Responding to Copyright Office Refusals
Although copyright registration is “not a condition of copyright protection” (17 U.S.C.A. § 408), it provides significant advantages to the copyright holder. A registration creates a public record of a copyright claim and comes with additional statutory benefits, including establishing prima facie evidence of copyright validity and allowing the recovery of statutory damages and attorneys’ fees for infringement. Critically, copyright registration (or refusal) is necessary before an action for infringement may be filed in court.
When the Register of Copyrights refuses to register a copyright, the applicant will receive a notification in writing outlining the reasons for refusal. In the event the disappointed applicant disagrees with the Register’s refusal, there are a few avenues to pursue.
- Request Reconsideration. The Copyright Office provides an internal formal appeal process. Within three months of the date of the refusal (and for an additional fee), the applicant may file a written “First Request for Reconsideration” with additional legal arguments or supplementary information that support the applicant’s position. A Copyright Office staff attorney who did not participate in the initial examination of the claim will then review the First Request for Reconsideration and – within four months – issue a response either registering the work or upholding the refusal. If the refusal is upheld, within three months, the applicant may again pay an additional fee and file a further “Second Request for Reconsideration” to be reviewed by the Copyright Office’s Review Board.

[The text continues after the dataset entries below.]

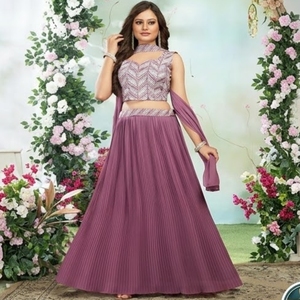 Conjunto de lehenga choli de lavanda con blusa bordada de diseñador y falda de georgette, ropa étnica india para bodas y fiestas para mujeres. - Product Image 1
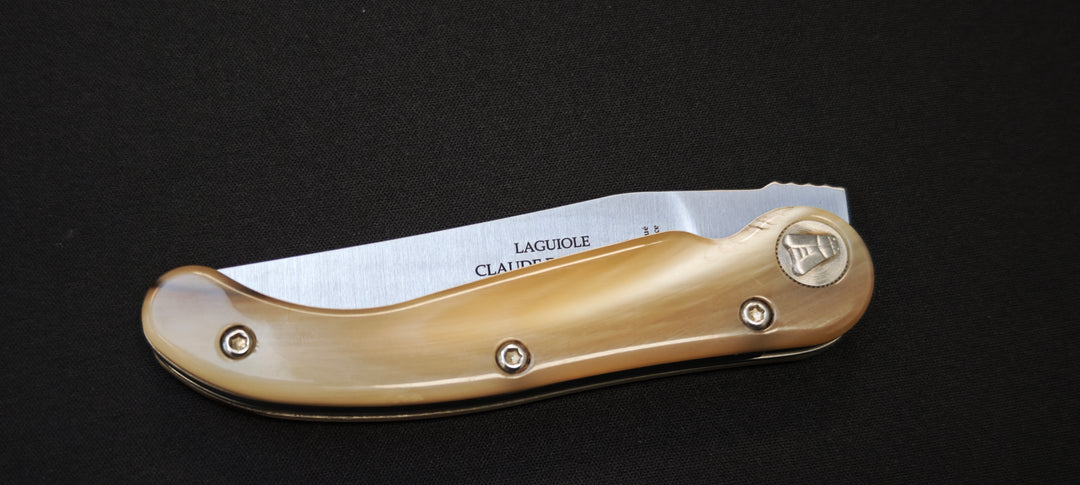 Claude Dozorme – Couteau Laguiole Baroudeur en Corne Claire, Lame X50CrMoV15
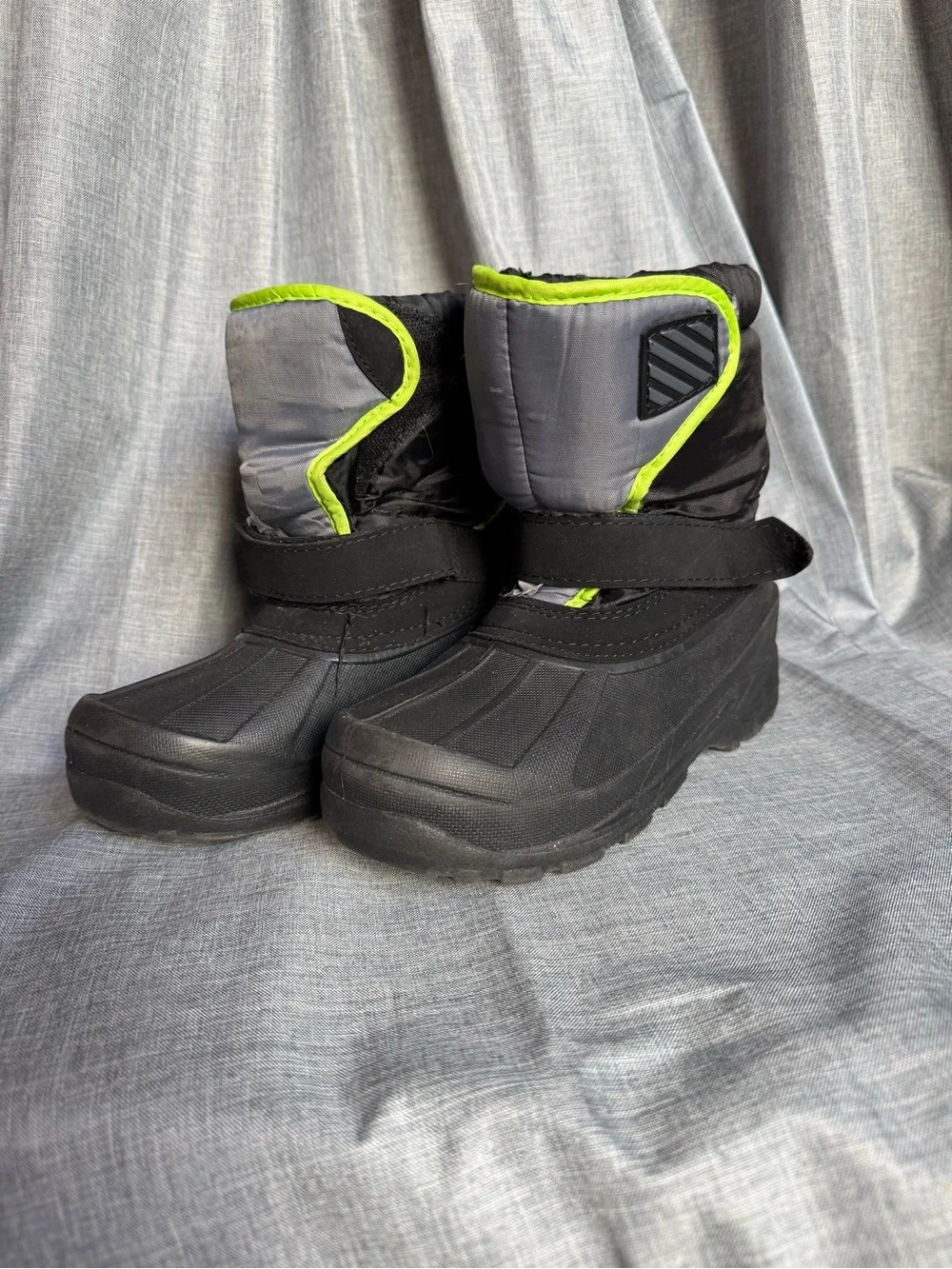 Kids insulated waterproof winter snow boots, Youth Size 3 (EU 35)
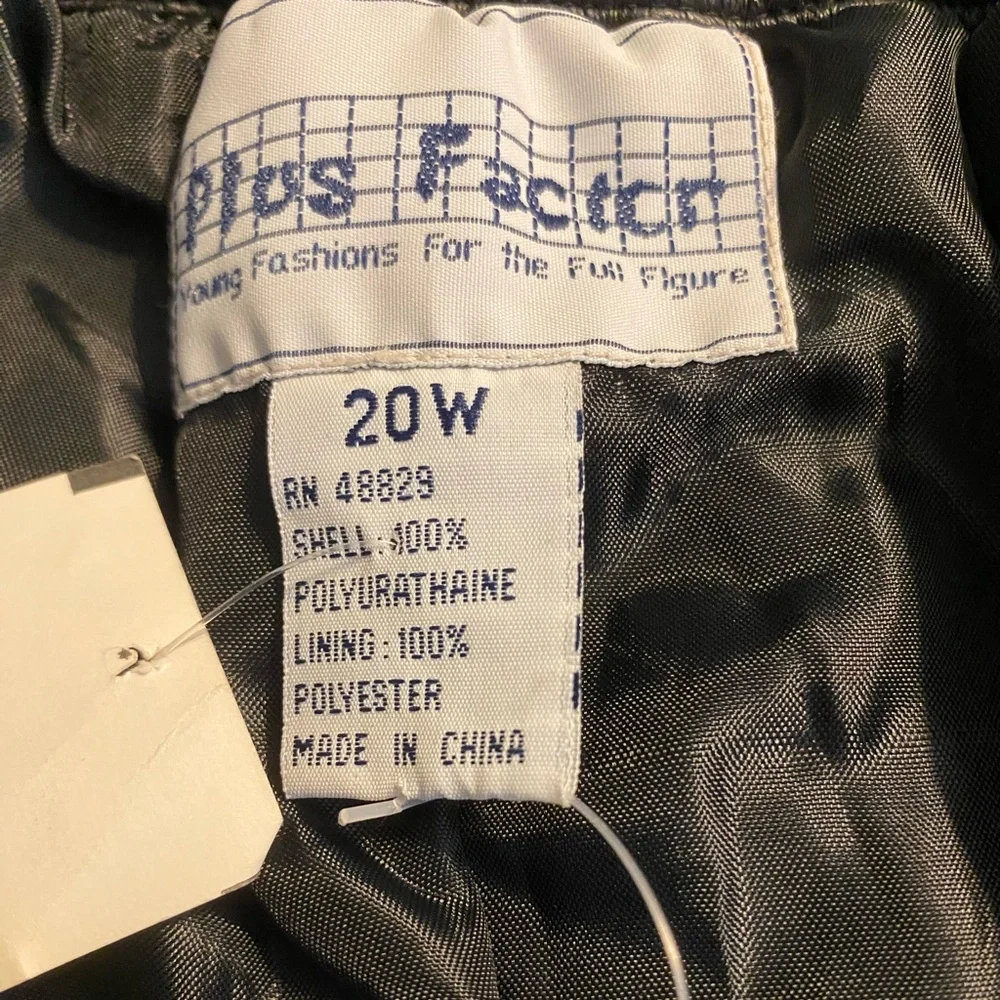 NWT Plus Factor faux leather skirt - Picture 2 of 10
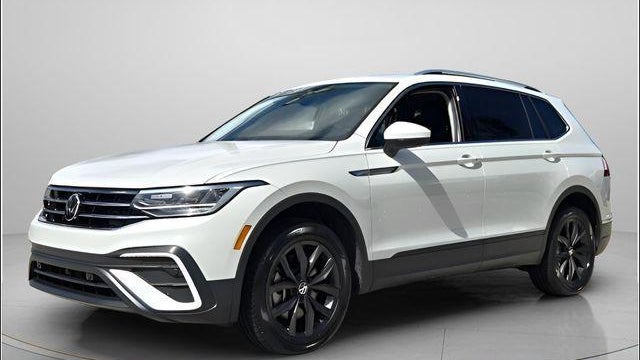Preowned 2024 Volkswagen Tiguan SE for Sale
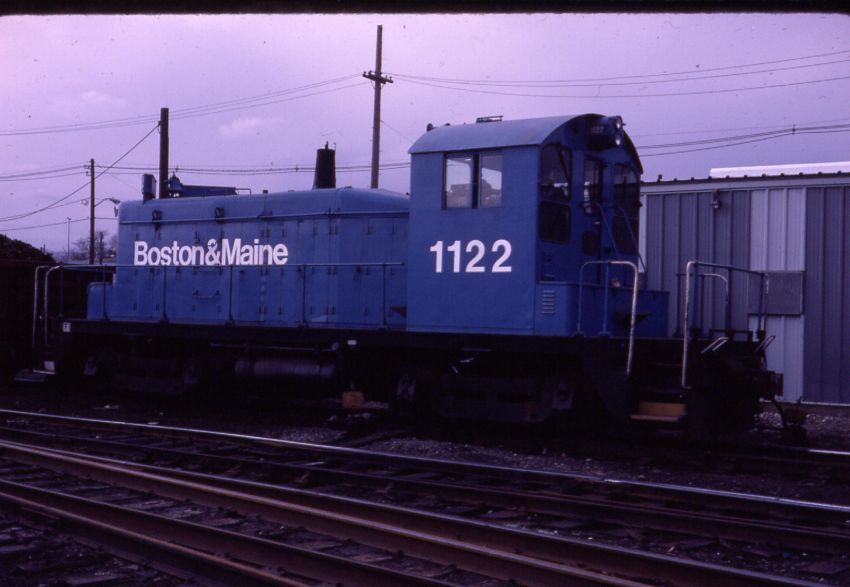 Photo of B&M SW1 1122 at Somerville MA 1984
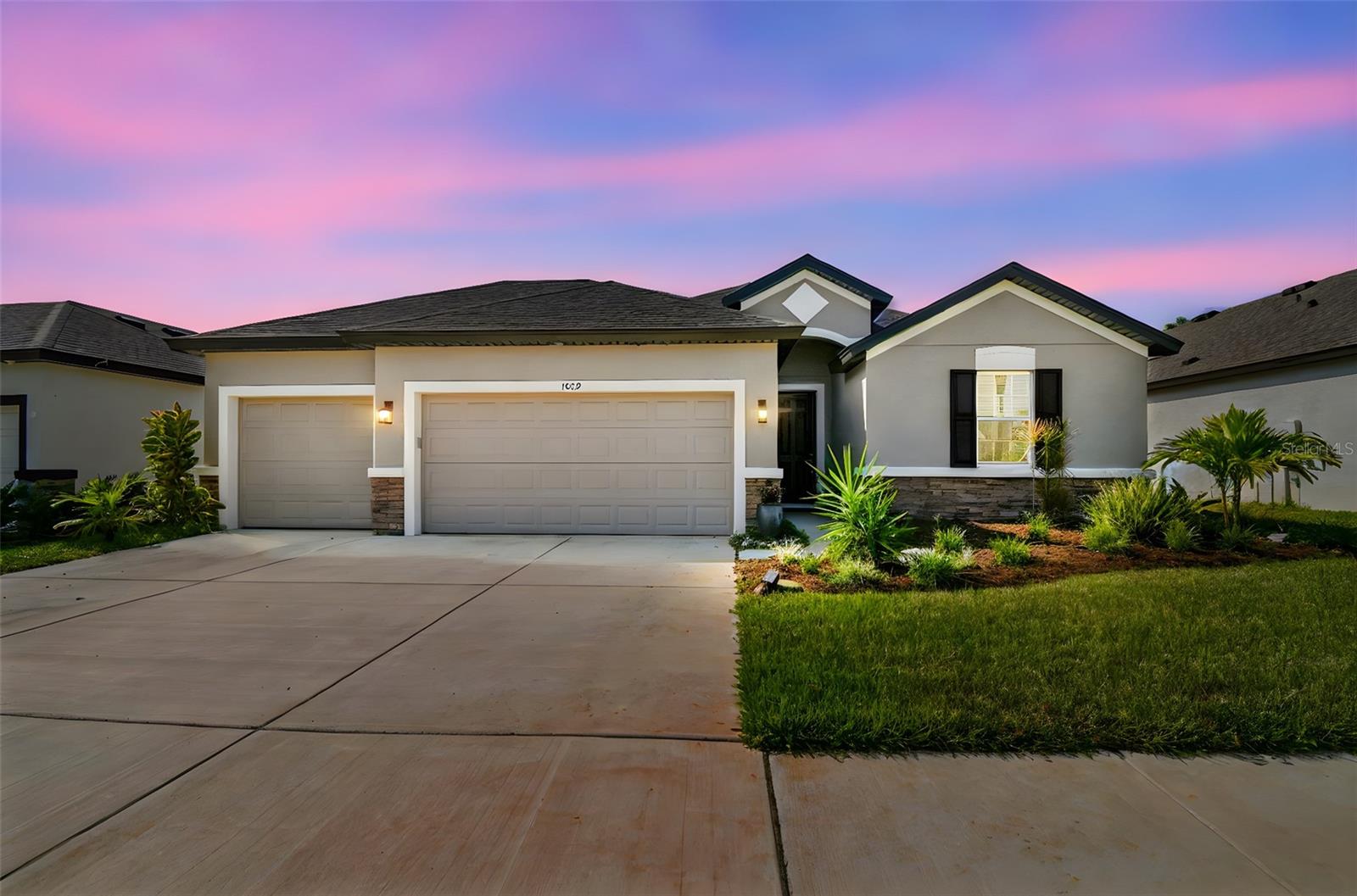 1039 Davis Heather Cir Property Photo 27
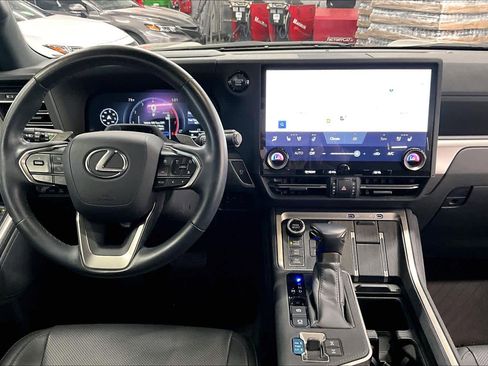 Used 2024 Lexus GX 550 image 15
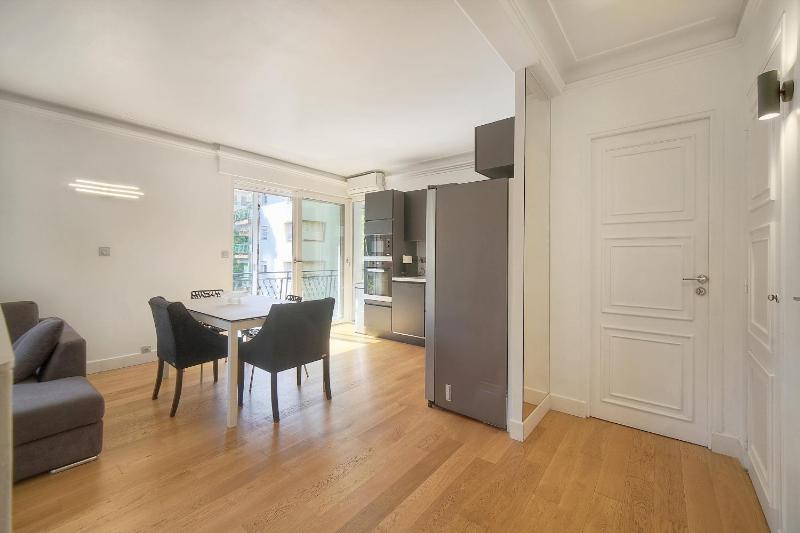 FRGK 2BR CIRODDE Terrace Quiet Center AC Ultra Fast Wi-Fi - image 38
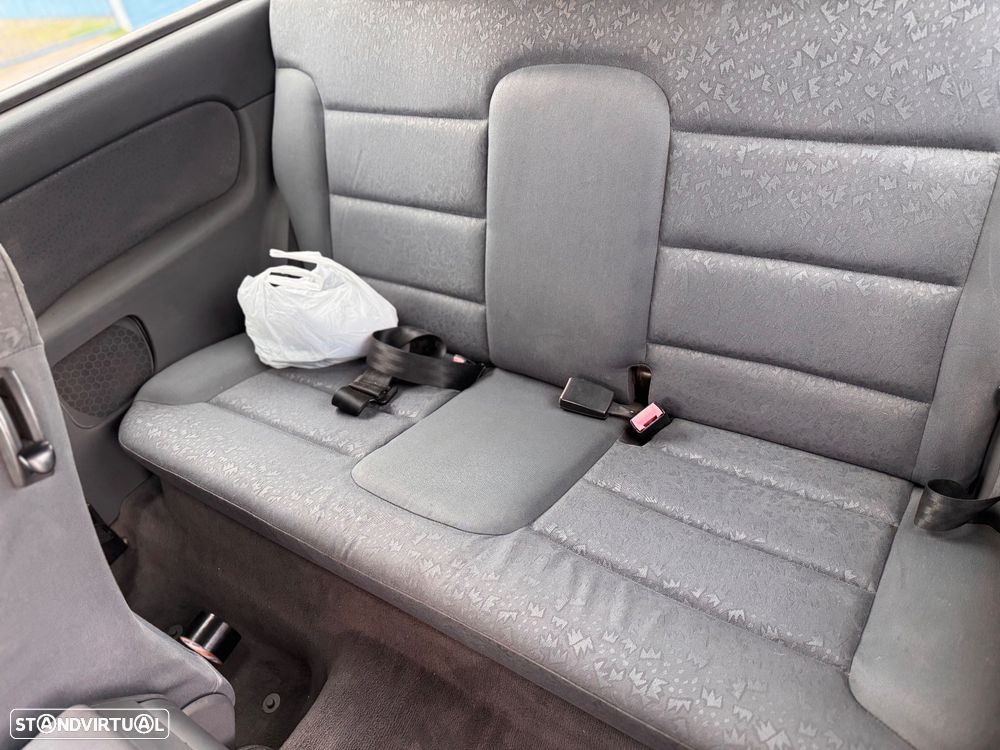 Audi A3 1.6 Attraction EC - 6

- File Suit Under the APA. A decision issued by the Review Board in response to a Second Request for Reconsideration constitutes the final agency action, meaning the applicant may subsequently appeal that decision under the Administrative Procedure Act (“APA”). Within 60 days of the Review Board’s refusal, the applicant may institute an action against the Register of Copyrights in federal district court to compel registration. However, the court’s review of the Copyright Office’s decision is under the deferential, “abuse of discretion” standard, thus affording the Office’s decision substantial weight.
- File Suit Under Section 411(a) of the Copyright Act. In the alternative, the applicant can simply accept the Copyright Office’s initial refusal and forego any appeal(s). If the Register refuses registration for any reason other than the failure of the application, deposit, and fee to be received in proper form, the applicant may still bring a subsequent infringement action under (17 U.S.C.A. § 408). In infringement cases, the court will give the Copyright Office’s decision only “some deference” and generally “only to the extent that those interpretations have the power to persuade.” However, where refused copyrights are at issue, the claimant must also provide notice and a copy of the complaint to the Register of Copyrights to allow it to intervene.
Ultimately, the choice between appealing a refusal to register or waiting to institute an infringement action depends on the specific circumstances and the applicant’s goals. Seeking legal advice and thoroughly understanding the implications of each option can help guide the decision-making process.